VIDEO: North Carolina Cops Help Buy Wheelchair Accessible Van for Disabled Girl in Michigan

Two police officers in North Carolina are helping provide a wheelchair accessible van to a family with a severely disabled little girl in Michigan.

Nine-year-old Emmri Tullis was born with cytomegalovirus (CMV), a virus related to those that caused chickenpox, herpes simplex, and mononucleosis, according to the Battle Creek Enquirer.

Emmri can only control her facial expressions and also has epilepsy, microcephaly, mild hearing loss, minoscoliousis, and hips that are severely out of socket, said her mom, Chelsey Banker.

Their family has been looking for an affordable standard minivan they hoped to make wheel-chair accessible to help improve Emmri’s quality of life after she outgrew her five-point harness car seat.

When Chelsey learned of a fundraiser and contest called “You Say Car” promoted by police officers and TikTok personalities Kevin Eudy of the Wingate Police Department and Josh Scales, a Forsyth County officer, she entered and was chosen along with another family.

“Through the competition, Chelsey said they will receive $18,500 towards a new vehicle,” the Enquirer article noted.

Although the amount was short several thousand dollars, a GoFundMe page set up for the minivan had raised nearly $12,000 of its $7,500 goal as of Sunday.

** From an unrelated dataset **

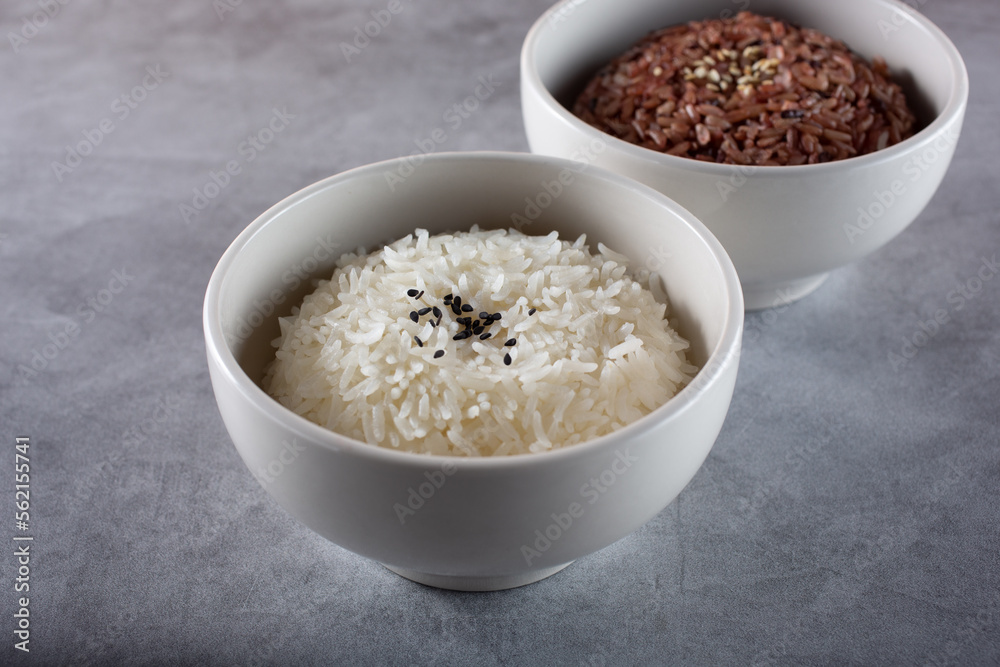 A view of bowls of rice, featuring steamed white rice and colored brown rice. A view of bowls of rice, featuring steamed white rice and colored brown rice.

“You GUYS! We reached our goal, and then some, and we are absolutely blown away. We want to thank every single one of you who have donated, shared, and made this all possible for us,” Chelsey wrote on the page Friday.

She said her daughter had a huge support system and that the van would be a big blessing for their family.

“This is something that is going to dramatically change her quality of life. This is going to make whatever time she has left here less painful and more enjoyable and memories for her and her brother to make before it’s her time to go,” she commented.

When Eudy and Scales started their social media pages to show a different side of law enforcement, they had no idea it would become a way to help others.

“I was praying about it, what we can do about it to promote real change. You Say Car … I wasn’t expecting it to get as big of a response as it did,” Eudy explained.